Dans le film, il raconte qu’au milieu des bombes et des trous de balle dans les murs en Syrie, il craignait surtout de perdre son ordinateur portable — et de ne plus pouvoir continuer de jouer à Fortnite. Andreh s’était coupé de ses émotions pour survivre au choc de la guerre. Il réalise aujourd’hui l’ampleur de son traumatisme d’avoir quitté une vie confortable, en banlieue de Damas, pour repartir à zéro dans un petit appartement à Saint-Laurent, dans le nord de Montréal. Il n’a même pas un tiroir à lui pour ranger ses affaires.

Les participants viennent de milieux différents : de la banlieue, de la campagne, de familles aisées, de la classe moyenne ou ouvrière. Ils ne se sont jamais rencontrés durant le tournage (sauf deux d’entre eux, qui sont des amis). Ils n’ont pas eu accès aux images pendant les cinq années du projet. Ils ont fait connaissance dans un chalet, au mois d’octobre. Ils ont vu ensemble les cinq premiers épisodes de la série.

Les images montrent la métamorphose physique et mentale qui survient entre le début et la fin du secondaire : « L’adolescence, c’est du “testage”. Tu testes tout. T’essaies des nouvelles affaires », dit un des jeunes dans le film.

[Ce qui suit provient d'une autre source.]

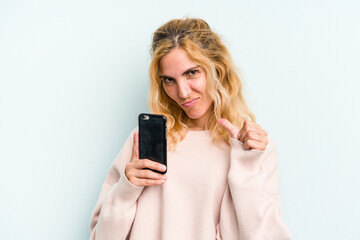 Fototapeta premium Young caucasian woman holding mobile phone isolated on blue background feels proud and self confident, example to follow.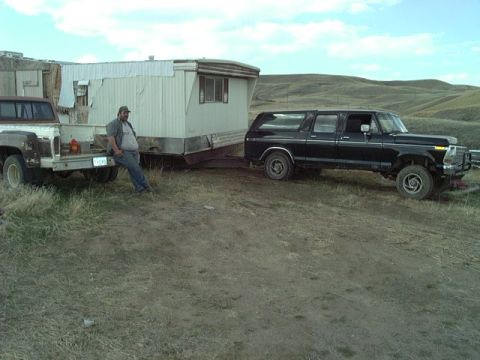 1979 Ford C-250 (Centurion Conversions) - A man leans on a pickup truck while a black SUV tows a trailer in a rural setting.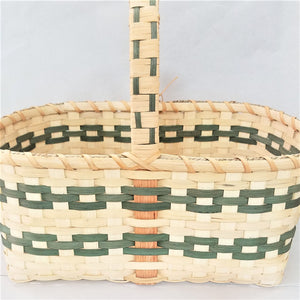 Woven market basket in neutral color with two rows of green trim weave showing on the front, the inside and the handle above the basket.
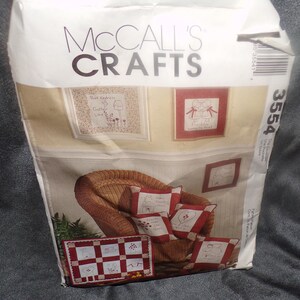 Op de afbeelding: Een McCall's Crafts patroonpakket met een thema voor huisdecoratie. Het pakket toont een rotan stoel met rood-witte geborduurde kussens en ingelijste kunstwerken. De omslag van het pakket toont de tekst "McCall's Crafts" en het nummer "3554".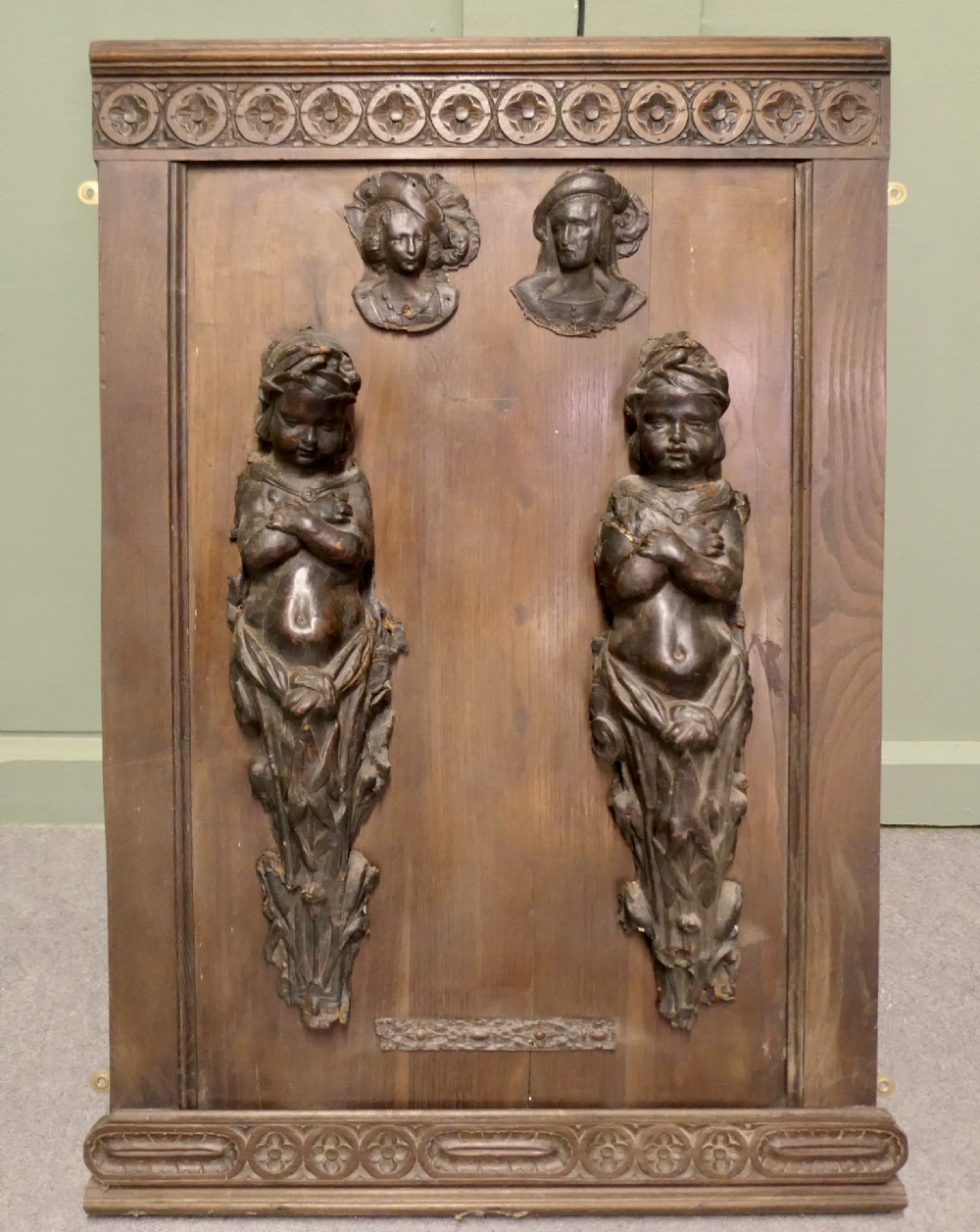 A pair of moulded dark brown leathermache putti term figures with arms crossed, mounted vertically on a timber panel. View III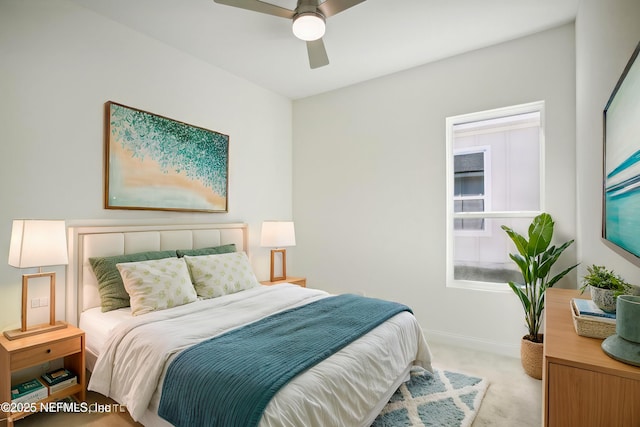 bedroom featuring ceiling fan and light colored carpet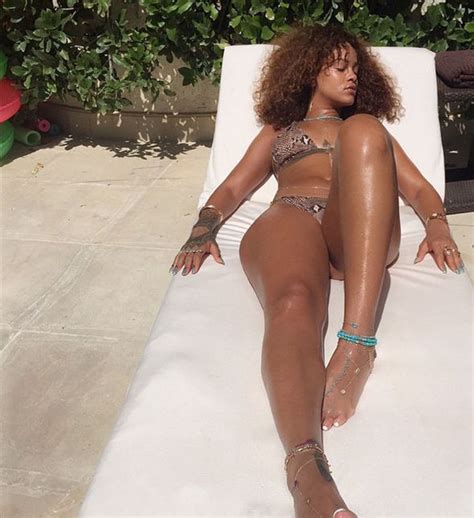 Rihanna Shows Off Her Sexy Curves As She Relaxes After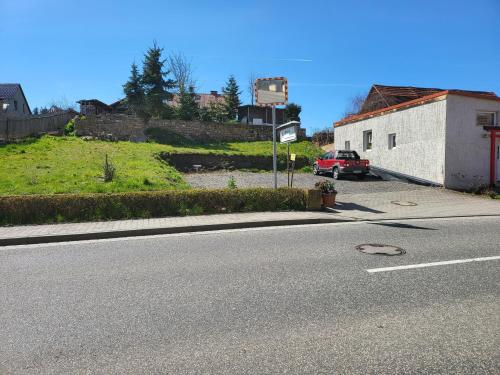 a car parked on the side of a road at Ferienhaus Triasland in Donndorf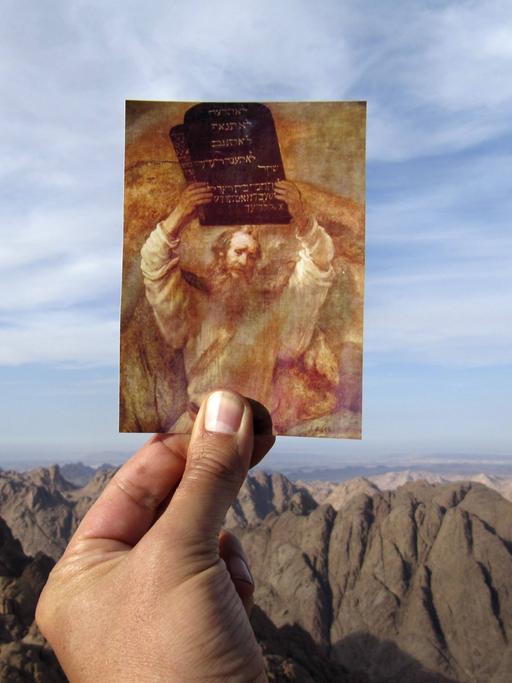 Eine Hand hält vor einem Gebirge eine Postkarte hoch, auf der ein Rubens Gemälde zu sehen ist, das Moses mit der Tafel der zehn Gebote zeigt.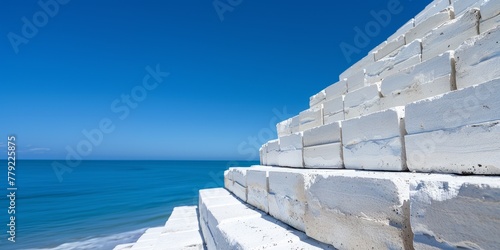 a staircase made of large white bricks against the background of the sea. a place for text  advertising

Avec leurs broches dentaires, leurs moustaches molles, leurs bras trop longs ou leur acné occasionnelle, ils sont adorables.

 

« Je me vois à l’écran à 12 ans et je me dis : “Ce n’est plus moi” », témoigne Rachel-Andrée, qui vit à Alma, au Lac-Saint-Jean, avec sa mère. Elle n’a aucun contact avec son père biologique. Sa figure paternelle, c’est son grand-papa. Rachel-Andrée raconte dans le film que le plus beau jour de sa vie, c’est quand son grand-père a guéri du cancer.

Des obstacles à surmonter

Noah, de Laval, vit aussi avec la blessure d’un père absent. Il a accepté de se confier à la caméra sur une période de cinq ans dans l’espoir que son père le voie grandir. Il rêve de devenir médecin.

Les jeunes parviennent toujours à surmonter les obstacles. Diabétique, Mika a hâte d’être capable de s’injecter lui-même de l’insuline. Émy parvient à se hisser dans un programme de sport-études en judo après un premier refus. Benjamin se relève après une commotion cérébrale. Ralenti lui aussi par une commotion — et une pandémie —, Loïc persiste à jouer au hockey même s’il estime ses chances de se rendre dans la Ligue nationale à « 0,09 % ».

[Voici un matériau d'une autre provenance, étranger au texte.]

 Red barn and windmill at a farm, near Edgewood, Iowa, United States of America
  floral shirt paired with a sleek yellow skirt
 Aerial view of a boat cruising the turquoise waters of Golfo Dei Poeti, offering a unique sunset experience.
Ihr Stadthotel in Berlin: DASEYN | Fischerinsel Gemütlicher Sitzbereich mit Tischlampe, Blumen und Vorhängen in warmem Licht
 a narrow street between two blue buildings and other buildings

Ashley Deborah, qui s’est retrouvée dans une classe d’immersion en français en débarquant à Montréal-Nord directement du Rwanda, prouve elle aussi l’extraordinaire capacité d’adaptation des jeunes. Mature, débrouillarde, elle redouble d’efforts pour un jour fonder sa propre marque de vêtements. Tout en rêvant de revoir son père, resté dans son pays d’origine.

Jean-Émilien, un garçon timide de la communauté innue de Mash­teuiatsh, au Lac-Saint-Jean, veut devenir le premier membre de sa famille à obtenir un diplôme d’études secondaires. Il craint de se faire intimider parce qu’il est différent des autres élèves. Il rêve de devenir policier, puis cuisinier. Son père est affaibli par la maladie. Comme la plupart des jeunes de son âge, il adore les jeux vidéo. Un peu trop, sans doute.

Victoria, elle, se lève à 5 h du matin pour s’occuper des chèvres dans une des fermes familiales, avant d’aller à l’école. Elle travaille presque tout le temps. Et elle adore ça. Elle mène une « vie de rêve » auprès de ses frères et soeurs, de ses parents, des chèvres et des chevaux.

Le projet d’une vie

En filigrane, on voit aussi le défi d’être parents. Ils les aiment, leurs enfants. Mais on les entend peu. Le film donne la parole aux ados. Ce sont eux, les héros du projet.

« On pense que cette série est une façon de rembarquer les jeunes dans la télé québécoise », dit Louis Morissette, de KOTV Inc., qui a produit la série. Il a dû insister pour que sa fille de 14 ans la regarde, mais elle est vite devenue accro.

Ce projet hors norme était un acte de foi : le producteur a trouvé un diffuseur trois ans et demi après le début de l’aventure. Pas moins de 150 jours de tournage et deux ans et demi de montage ont été nécessaires pour accoucher des 12 épisodes. « C’est le projet d’une vie. Un travail colossal. Un giga-casse-tête. Mais on y est parvenus », résume la réalisatrice Marisol Aubé.

Être ado

Une série de 12 épisodes de Marisol Aubé et Ève Déziel. À Télé-Québec à compter du 11 janvier 2024.